The high heat on the paper turns the dye into a gas, which is sublimated onto the fabric. When heated, the polymers in the polyester bond with the gaseous dye, creating graphics that are completely embedded into the fabric.
Advantages of Dye Sublimation
- Photographic quality detail.
- Uses little water – does not hurt the environment.
- Unlimited color capability.
- Excellent hand.
Why use Dye-Sublimation Heat Transfer Printing?
- Dye sublimation heat transfer printing technology can be utilized on far more polyester fabrics than direct disperse printing.
- Since direct disperse printing requires fabrics to be pretreated with a print receptive coating, selection of fabrics is limited.
- Dye sublimation can be utilized on uncoated and fabrics coated for direct disperse printing.
- TVF has a large amount of polyester Apparel & Home Decor fabrics which can lead to new business opportunities through dye sublimation heat transfer printing and expanded product printing capabilities.
Disadvantages of Dye Sublimation
- Too costly for large runs.
- Problems will occur if fabric is not profiled properly.
- 100% polyester.
- Polyester blends with at least 60% polyester.
Microlux Soft is our Premium Backlit Fabric
- Microlux Soft can be printed on either side for a different look and feel.
- Silicone edges are sewn onto finished prints, creating Silicone Edge Graphics (SEGs).
- Finished prints are snapped into grooves in backlit frame systems with LED lights around the perimeter to illuminate the graphic.
- Our print receptive coating disperses the LED light across the graphic providing a brilliant image to draw attention.
- Microlux Soft is knitted with microfiber which makes the fabric very soft and plush on one side with a smooth, textured finish on the other.
- It has a stable dimensional stretch so it can fit tightly in frames without wrinkling or sagging.
- Backlit or lightbox applications are very popular for trade show exhibits, retail displays, and event backdrops due to the brilliant images provided.
Direct Disperse Printing
Direct disperse printing uses a disperse coating that eliminates the need for transfer paper. After the fabric is coated during manufacturing, the digital printer prints the design directly onto the fabric. Once it is printed the fabric is put through the calender/heat press to bloom the design and to set the color.

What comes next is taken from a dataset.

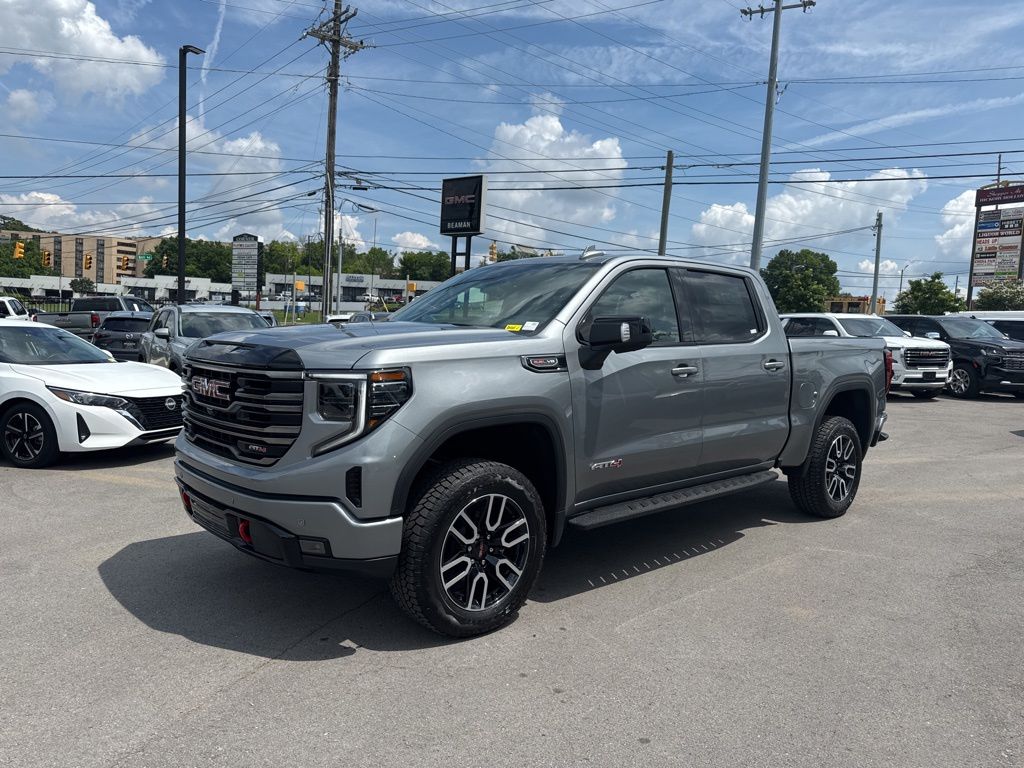New 2026 Silver GMC AT4 image 3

What does it mean to “bloom the design”?
When the color is first printed on the fabric, it is dull. There is no vibrancy to the print; the color is not set. However, when heat is applied the true color and vibrancy emerge.
Advantages of Direct Disperse Printing
- Paper is not needed.
- Could be less expensive depending on application.

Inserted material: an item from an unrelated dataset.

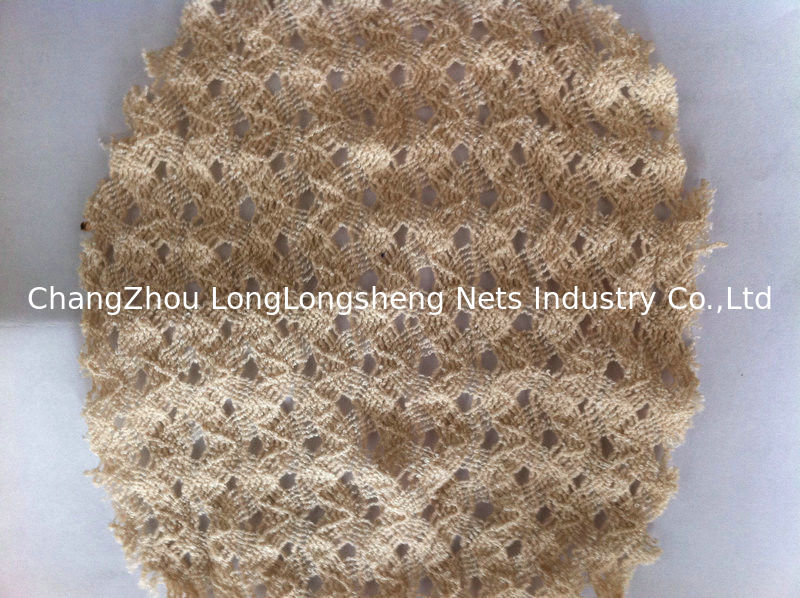 Lightweight Flexible Knitted Fabric Mesh Netting , Stretch Clothing Shell Fabric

- Faster process due to less steps.
Disadvantages of Direct Disperse Printing
- Less clarity and detail than dye sublimation.
- Issues can arise if the disperse pre-treatment clear coating is not applied correctly or isn’t consistent across the width of the fabric, which can result in inconsistent prints.

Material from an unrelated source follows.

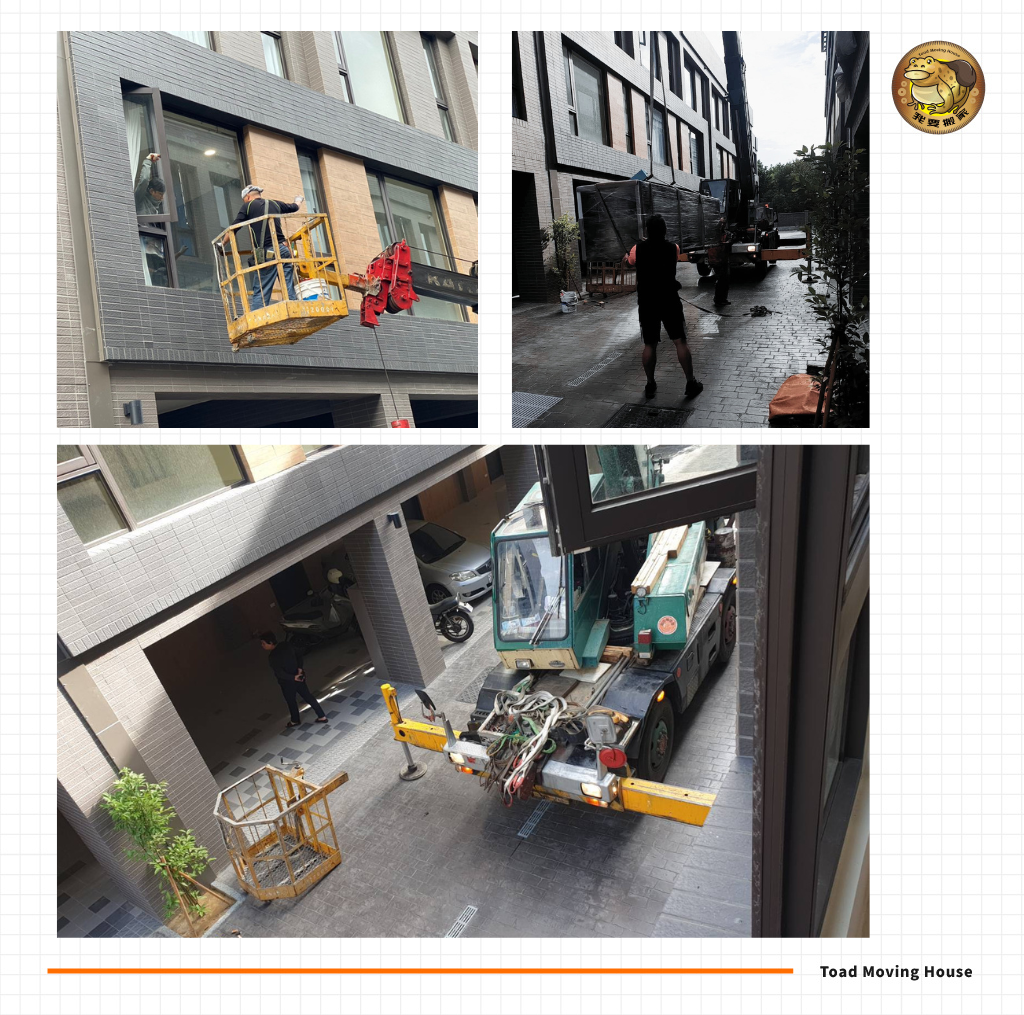 我要搬家團隊中的每一位搬家師傅都受過專業訓練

Best Substrates for Direct Disperse Printing
- 100% polyester.
- Polyester blend (at least 60% polyester).
TVF Premium Flag Fabric: Flag 6043KFL
Flag 6043KFL is one of TVFs premium flag fabrics. The optimal way to print flags for excellent front-to-back color penetration is by using the direct disperse print method.
- Flag 6043KFL is a warp knit, open mesh polyester.
- Durable for outdoor environments.
- This fabric is optic white with a print receptive coating to control ink on the fabric while providing excellent print through.
- Available up to 16 feet wide.
- Perfect for flags, large outdoor banners, as well as building wraps
There are two main types of heat printing, dye sublimation and direct disperse. Both require polyester fabrics. Dye sublimation requires transfer paper and can achieve photo-quality details. Direct disperse printing does not use paper but requires a coating for the fabric and is ideal for flags, banners, and building wraps that do not require as much visual detail.